Nevertheless, I don't think it follows that a story in which the hero is as bad as the villain he's pursuing is, on that account, automatically better than a story in which the hero is admirable and the villain is not.
I happen to like admirable heroes, and I make no apology for that. I suppose, in my heart of hearts, that's what I aspire to be. That's probably why I became a cop.
"As a dedicated gangster devotee, I cringe when I go to see these flicks.....I literally cringed all the way through The Untouchables, for instance."
Can't blame you there. They couldn't even get Ness's agency correct. Right there on the first page of his book, supposedly the source material for the screenplay, Ness (via his "ghost" collborator Oscar Fraley) states he worked for the Dept. of Justice, yet the movie claims he was a Treasury Agent. And I don't even see the point of that for dramatic purposes. I can understand, perhaps not agree with, but understand making bachelor Ness a wholesome family man to contrast with the decadent gangster lifestyle, giving him a daughter when his only child was a son since little girls seem more vulnerable than boys, and even making him an out-of-towner instead of a native Chicagoan since they can then depict him as being so surprised at the level of corruption in the city. But what's inherently more dramatic about a Treasury Agent compared to a Justice Dept. Agent?
My favorite scene is when the judge switches juries in the middle of the trial, over the perfectly justified protests of the defense, with a courtroom hearing a divorce action (juries hearing divorces and divorces being tried in federal courts!). Anyone who managed to get through fourth grade civics must have been scratching their heads over that one! That's to say nothing of the fact that it depicts Judge Wilkerson, a jurist with a well-deserved reputation for probity and integrity, as a grafter who makes the switch only because Ness blackmails him.
What actually happened, as you undoubtedly know (but which I'll go into anyway for the benefit of Rare Birds who don't), is that one of the federal agents on the case (Frank Wilson, not Eliot Ness) discovered one of Capone's men packing in court (Phil D'Andrea, not Frank Nitti), and, searching him, found a list of the entire jury panel, from which the jury would be selected. The trial had not yet started; the jury selection hadn't even begun.
When Judge Wilkerson was shown the list, he switched the entire jury panel with another jury panel in a court that was about to begin a different trial that same day.
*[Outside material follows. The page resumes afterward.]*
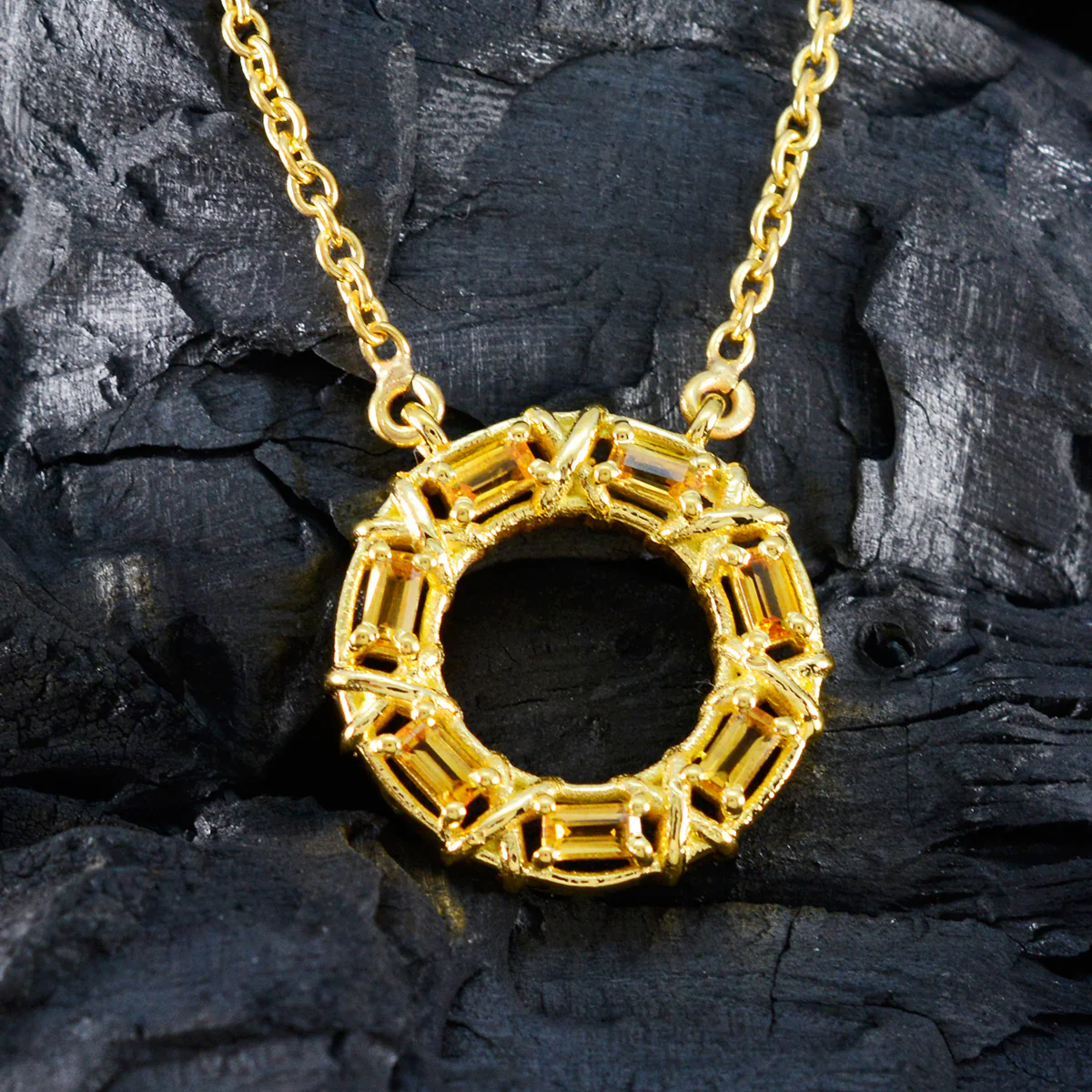 Citrine Statement Latin American 925 Silver Hepta Yasmin Luxurious Yellow Pendant Jewelry - Image 3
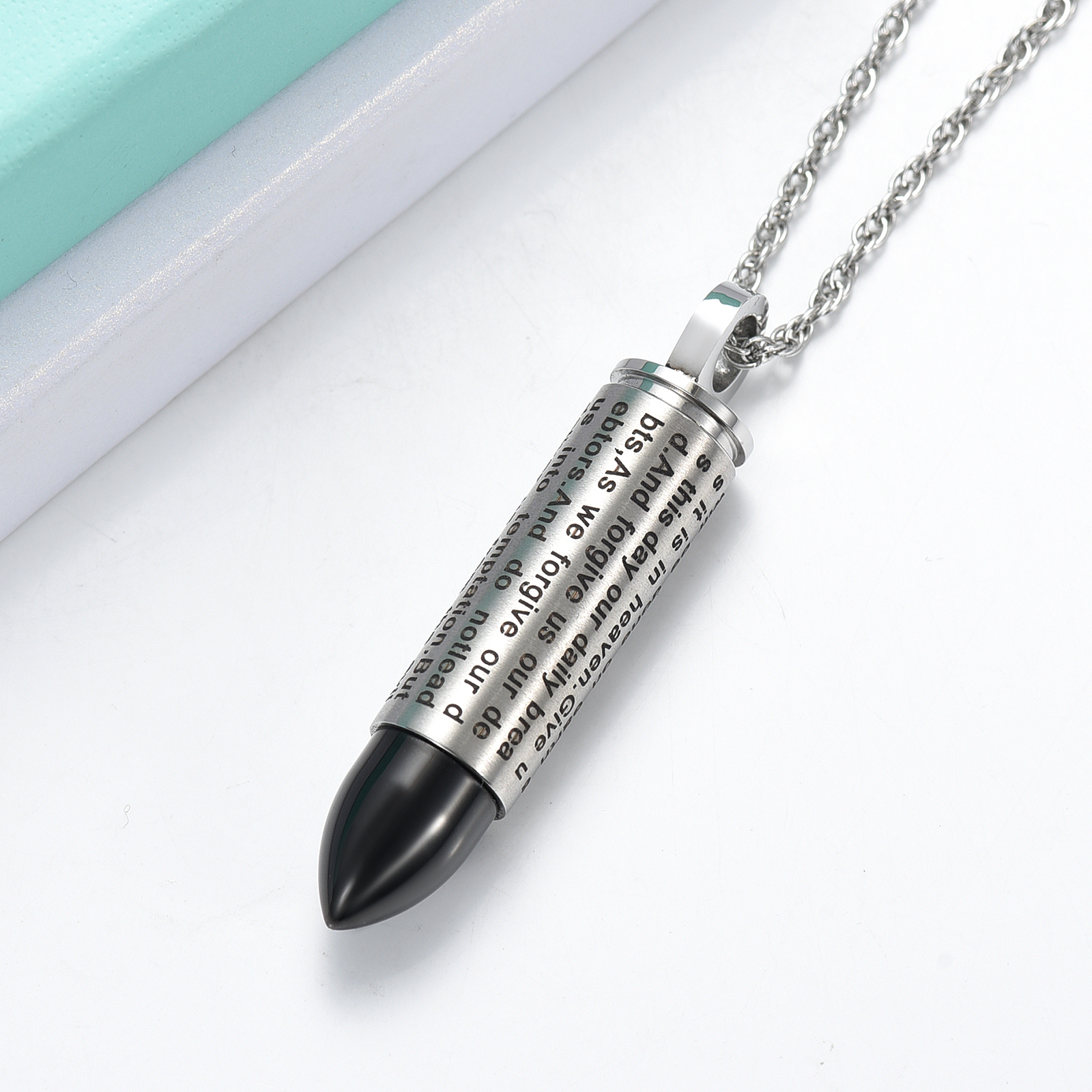 Stainless Steel Bullet Pendant Urn Necklace Cross Lords Prayer Ash Urn Necklace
In the film THE UNDERCOVER MAN, based on a chapter in Wilson's autobiography, starring Glenn Ford as Frank Warren, a fictionalized version of Wilson, this scene is depicted with considerably greater accuracy.
And yet, with all the inaccuracies in THE UNTOUCHABLES, which make me cringe, too, I still found it grand entertainment.
"The only one that I recall seeing that made any effort at versimilitude (sp?) was the old St. Valentine's Day Massacre with James Coburn."
Do you mean Jason Robards?
I've got the Milius film on DVD. This thread has inspired me to dig it out and look at it again.